Guest post: SmartFlares fail to reflect their target transcripts levels

This is a guest post by Maria Czarnek and Joanna Bereta, who have just published the following article in Scientific Reports entitled SmartFlares fail to reflect their target transcripts levels. 

We got the idea of using SmartFlare probes when working on generating knockout cells. In the era of CRISPR-Cas9 genome editing, the possibility of sorting out knockout cells based on their low target transcript content (mRNAs that contain premature stop codons are removed in a process called nonsense-mediated decay) instead of time-consuming testing of dozens or thousands of clones would be a great step forward. SmartFlare probes seemed to be just the ticket: no transfection, lysis or fixation needed; moreover, the probes were supposed to eventually leave the cells. We were full of hope as the first probes arrived.

We added the probes to the cells, examined the fluorescence using flow cytometer and… nothing. There was absolutely no difference between SmartFlare fluorescence in CRISPR-Cas9-treated and wild type cells. We expected that a small fraction of the cells would exhibit strongly reduced fluorescence, since previously generated knockout cell clones usually contained only 10-20% of mRNA of the targeted gene compared to that in WT cells. We chose not to give up and decided to generate knockout cell clones and test SmartFlares again, but it didn’t change a thing. It still wasn’t working the way it was supposed to. Stimulation of mRNA expression brought no change to cell-associated SmartFlare fluorescence either.

We also failed in getting any technical support from Merck, although eventually after 3 months of our pestering them, they accepted our complaint. A thorough combing through the Internet finally led us to Raphael’s blog. We realized that we were not the only ones who had been struggling with SmartFlares. We decided not to put our results into mothballs but to purchase additional probes and test whether this faulty flare constituted a single case. Four more probes gave exactly the same results: no correlation between SmartFlares fluorescence and transcripts levels.

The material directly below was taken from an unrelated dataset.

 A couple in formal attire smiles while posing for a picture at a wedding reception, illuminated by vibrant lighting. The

We were aware that publishing our results would not be easy. We started with Scientific Reports and were positively surprised by the encouraging response from the Editor and Reviewers. Some of the comments helped us to refine the manuscript. However, some unfortunate circumstances pushed our revised manuscript into the hands of another Editor, who immediately rejected it suggesting that all our results could easily be explained by the use of degraded flares. It took an additional five months and two appeals to finally publish our manuscript. Meantime, the number of SmartFlare probes with different specificities offered in Merck’s on-line catalog dropped down from a few hundreds [Note from Raphael: two years ago, Northwestern boasted about “1,700 commercial forms of NanoFlares sold under the SmartFlare“] to about  20.

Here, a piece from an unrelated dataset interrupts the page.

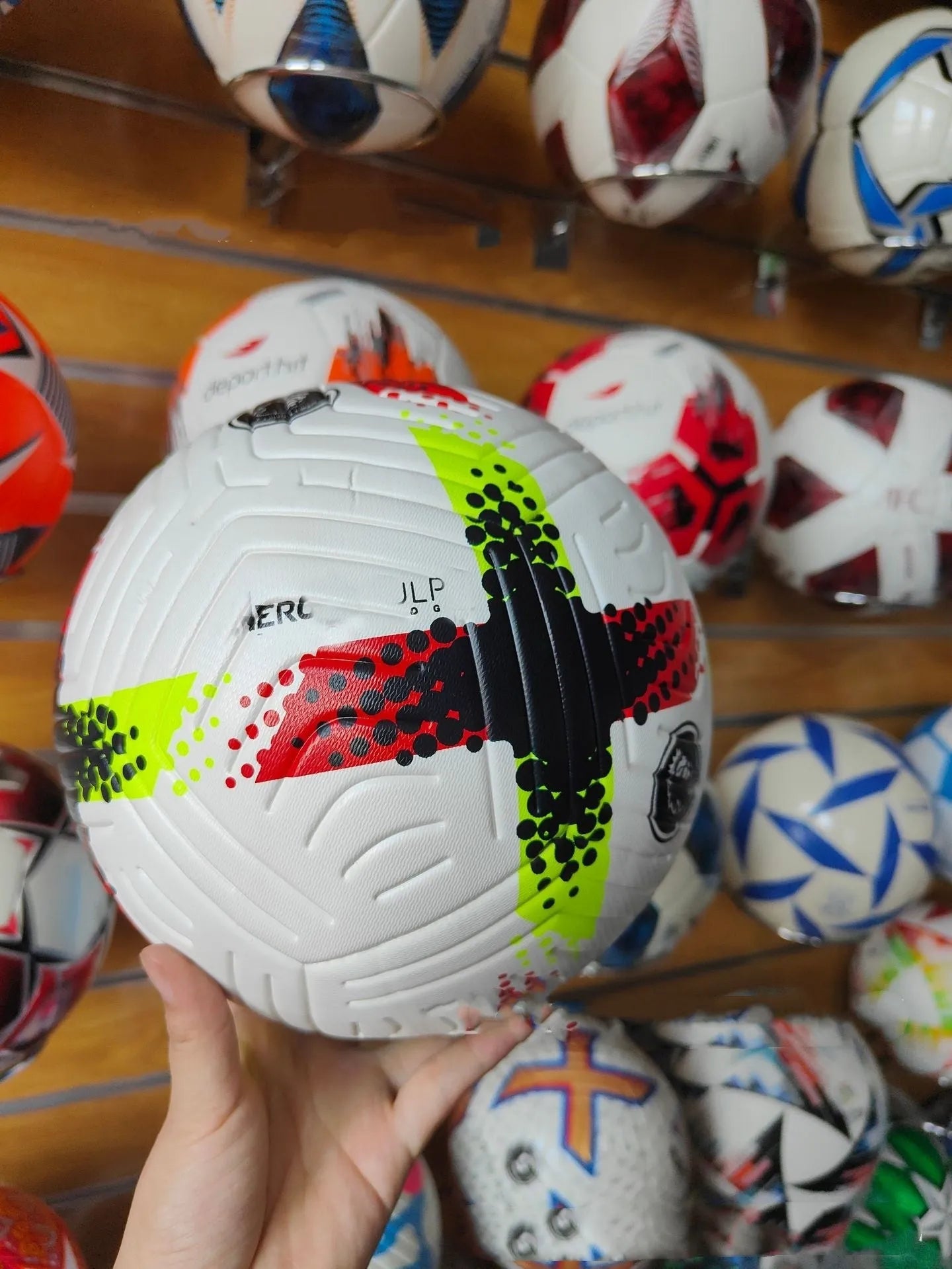 Fluorescent green size 5 training football with seamless thermal adhesive construction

Although the second Editor caused us a great deal of trouble, we must admit that thanks to their critique we discovered that various SmartFlare probes were labelled unequally, which could be observed both when fluorescence was measured at basal conditions and when oligonucleotides were liberated from the gold nanoparticles with dithiothreitol (DTT). It is crucial in the case of the scramble probe, which serves as a control of background fluorescence arising from unspecific unquenching of the fluorophore. In our hands scramble probes (both Cy3- and Cy5-labelled) displayed about half of the RFU of the gene-specific probes. These results indicate that any differences between fluorescence of the target-specific probe and the scramble probe may simply result from the different degrees of fluorescent labelling of the probes rather than from the presence of target RNA and differences between specific versus non-specific fluorescence unquenching.

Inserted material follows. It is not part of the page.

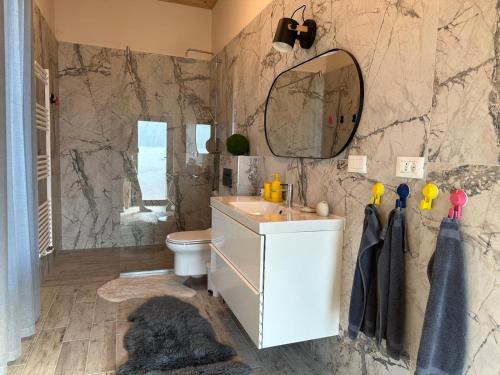 a bathroom with a sink and a mirror at Blue Moon in Zărneşti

To the best of our knowledge, there are only a few papers showing positive results obtained with SmartFlare probes and we cannot help the feeling that the results might have been misinterpreted. We hope that our contribution to the discussion about SmartFlares (and spherical nucleic acids in general) will help other scientists decide whether to spend their time and money working with this technology, which in our opinion is both questionable and unconvincing. And if they do, we suggest they check the level of probes’ labelling before drawing any conclusions or, even better, before starting the experiments.